== Input material

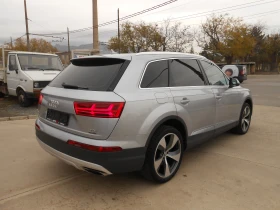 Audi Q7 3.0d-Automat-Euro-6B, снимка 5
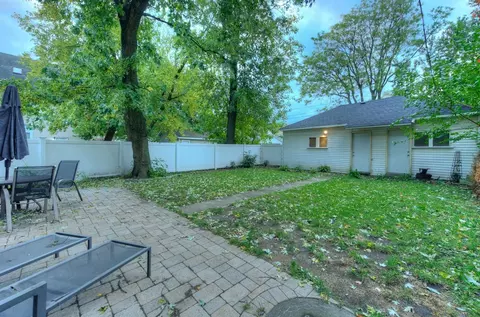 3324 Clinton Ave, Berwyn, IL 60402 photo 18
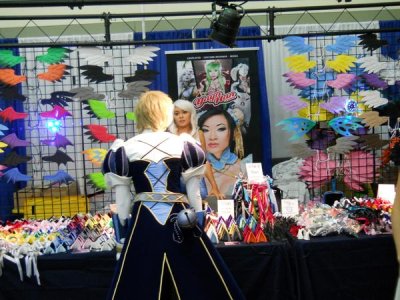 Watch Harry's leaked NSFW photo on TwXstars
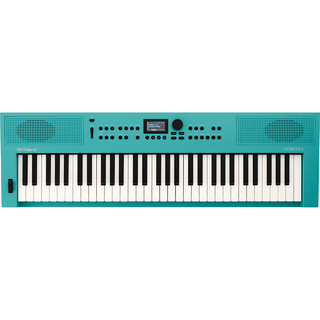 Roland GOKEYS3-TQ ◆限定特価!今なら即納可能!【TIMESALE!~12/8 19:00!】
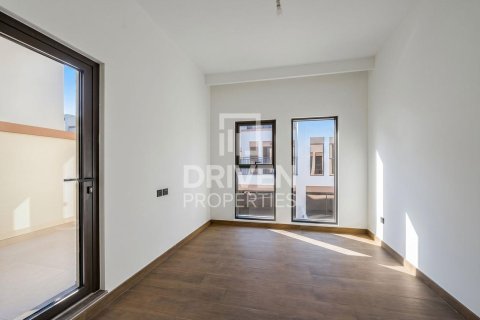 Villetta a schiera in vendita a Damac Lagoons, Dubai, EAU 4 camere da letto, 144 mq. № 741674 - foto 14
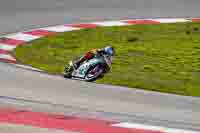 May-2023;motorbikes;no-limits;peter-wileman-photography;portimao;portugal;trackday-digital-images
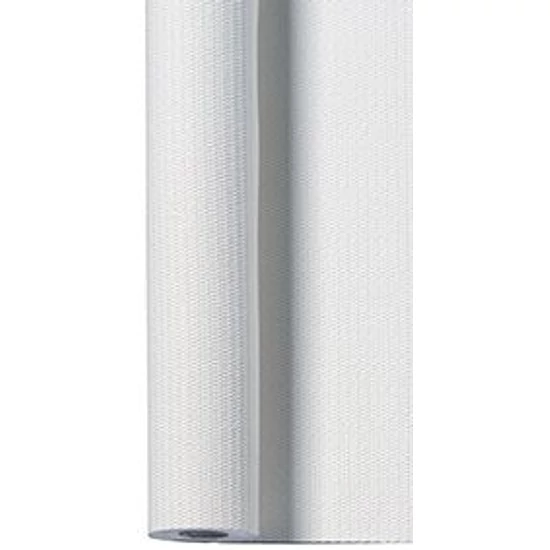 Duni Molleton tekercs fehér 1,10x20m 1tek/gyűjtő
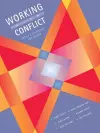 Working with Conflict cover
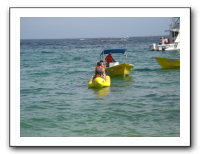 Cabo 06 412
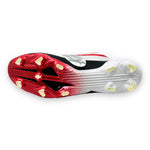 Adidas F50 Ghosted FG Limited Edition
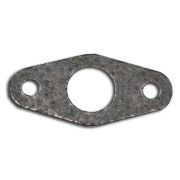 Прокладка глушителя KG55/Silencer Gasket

====
== Input material

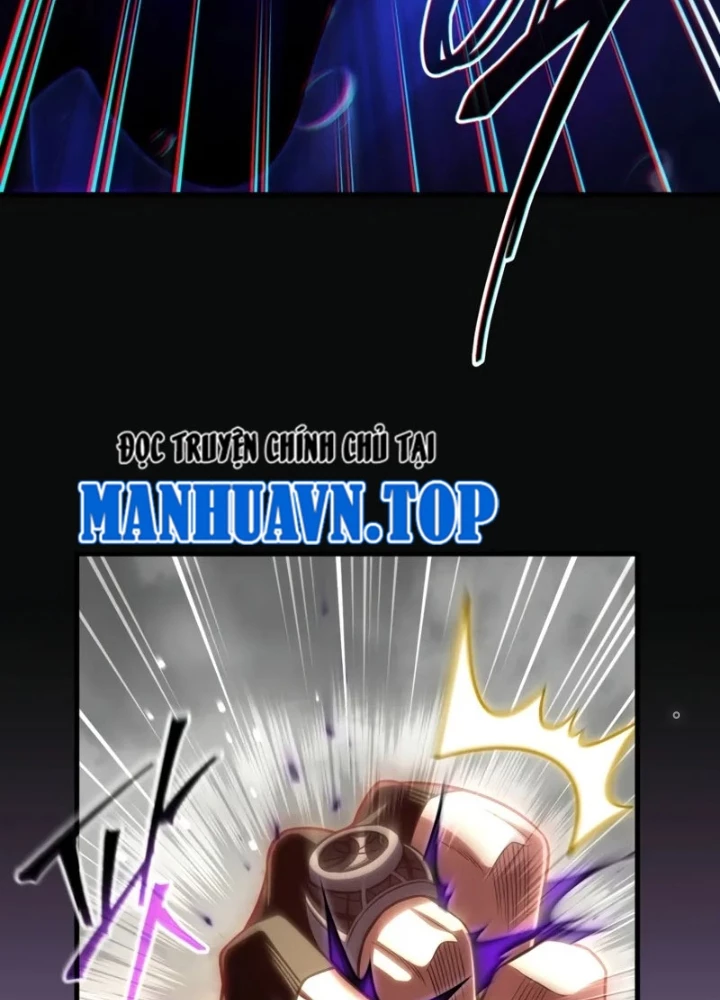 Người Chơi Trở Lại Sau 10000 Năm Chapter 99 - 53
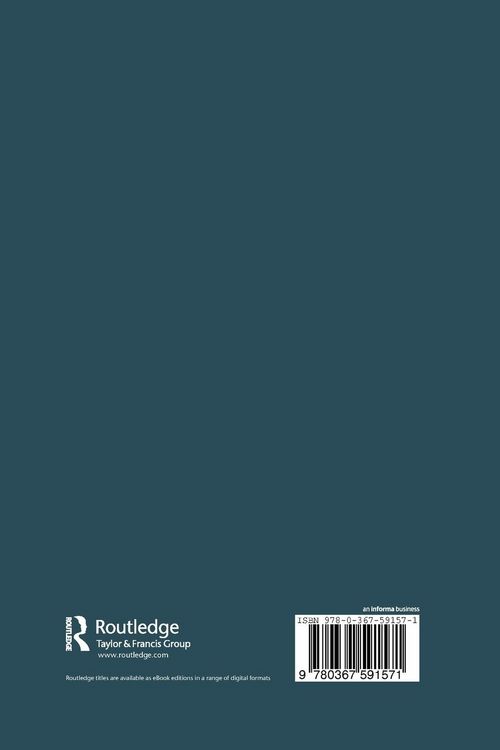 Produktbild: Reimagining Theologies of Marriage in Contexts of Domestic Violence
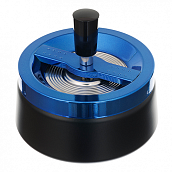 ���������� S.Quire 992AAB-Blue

====
== Input material

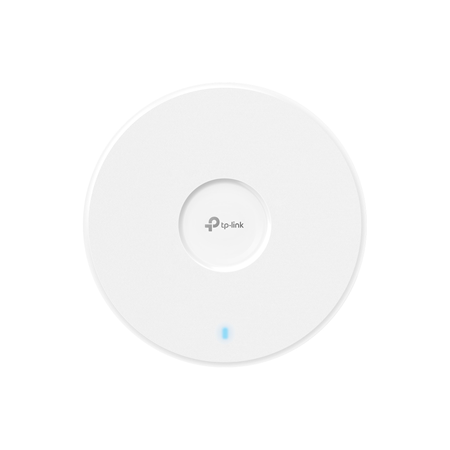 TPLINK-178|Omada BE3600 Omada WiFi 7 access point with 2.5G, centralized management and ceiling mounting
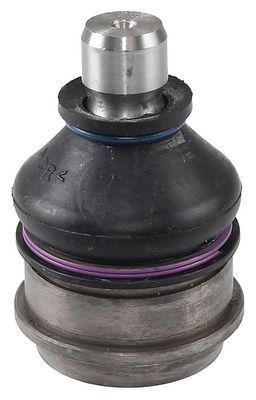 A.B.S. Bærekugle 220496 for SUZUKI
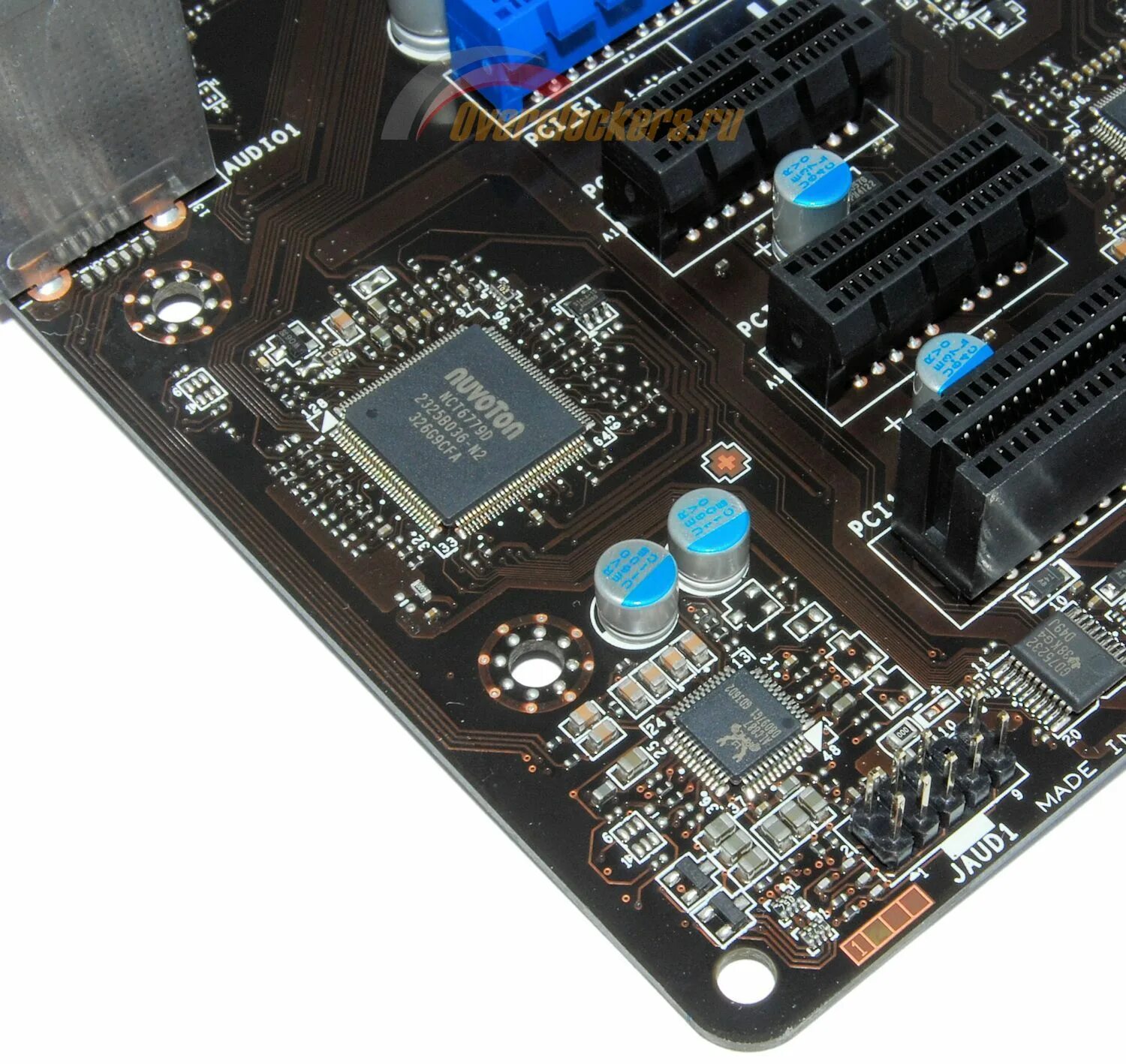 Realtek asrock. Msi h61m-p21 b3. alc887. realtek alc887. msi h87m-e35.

====

All that should be printed is the run of lines above from the one with "Villetta a schiera" through the one with "Duni Molleton tekercs", both included, exactly as given, with pictures left out.

 Villetta a schiera in vendita a Damac Lagoons, Dubai, EAU 4 camere da letto, 144 mq. № 741674 - foto 14
 May-2023;motorbikes;no-limits;peter-wileman-photography;portimao;portugal;trackday-digital-images
 Duni Molleton tekercs fehér 1,10x20m 1tek/gyűjtő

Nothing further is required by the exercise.